By these standards, the internet and tech revolution of the 1990s barely mattered. I could definitely see something as large as the rise of the internet happening in the next 10 years. But to meet my high bar, we'll likely need to see something radically changing the way we live our lives (or something that makes us go extinct).

Replies from: Aidan O'Gara
comment by aogara (Aidan O'Gara) · 2022-12-06T22:00:52.461Z · LW(p) · GW(p)

I think it's worth forecasting AI risk timelines instead of GDP timelines, because the former is what we really care about while the latter raises a bunch of economics concerns that don't necessarily change the odds of x-risk. Daniel Kokotajlo made this point [LW · GW] well a few years ago. 

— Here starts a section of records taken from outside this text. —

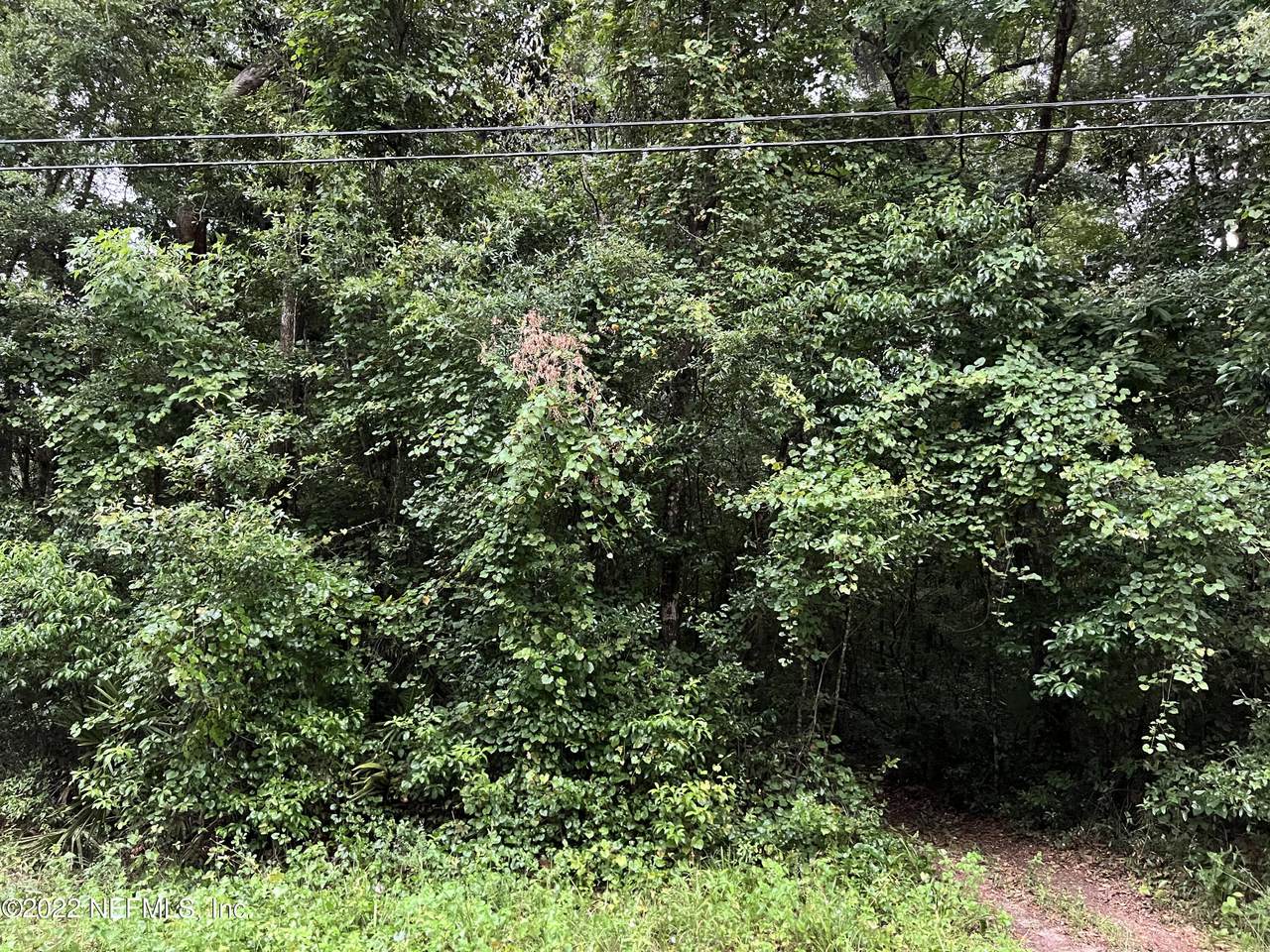 2905 Guava Ct - Photo 1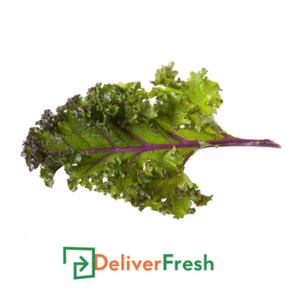 Bunch of red kale with DeliverFresh 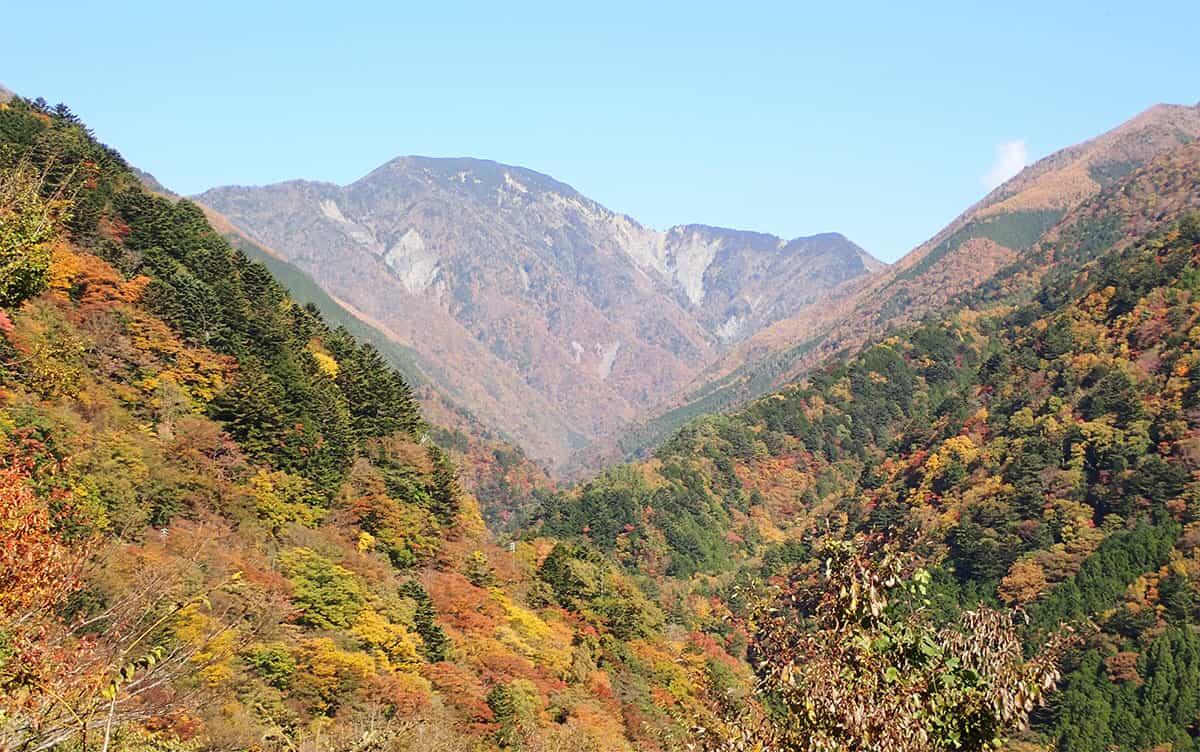 研究イメージ画像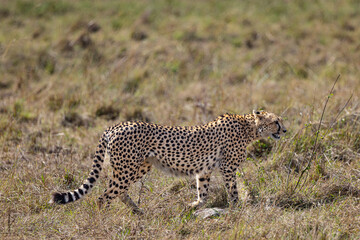 Cheetah in tall grass savanna.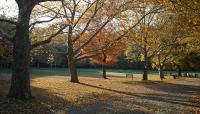 Inwood Hill Park, New York, NY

On a separate note, you might be interested in Erik Byrnjolfsson's work on the economic impact of AI and other technologies. For example this paper argues that general purpose technologies have an implementation lag, where many people can see the transformative potential of the technology decades before the economic impact is realized. This would explain the Solow Paradox, named after economist Robert Solow's 1987 remark that "you can see the computer age everywhere but in the productivity statistics." Solow was right that the long-heralded technology had not had significant economic impact at that point in time, but the coming decade would change that narrative with >4% real GDP growth in the United States driven primarily by IT. I've been taking notes on these and other economics papers relevant to AI timelines forecasting, send me your email if you'd like to check it out. 

Overall I was similarly bearish on short timelines, and have updated this year towards a much higher probability on 5-15 year timelines, while maintaining a long tail especially on the metric of GDP growth. 

Replies from: matthew-barnett
comment by Matthew Barnett (matthew-barnett) · 2022-12-07T01:01:27.158Z · LW(p) · GW(p)

I think it's worth forecasting AI risk timelines instead of GDP timelines, because the former is what we really care about while the latter raises a bunch of economics concerns that don't necessarily change the odds of x-risk.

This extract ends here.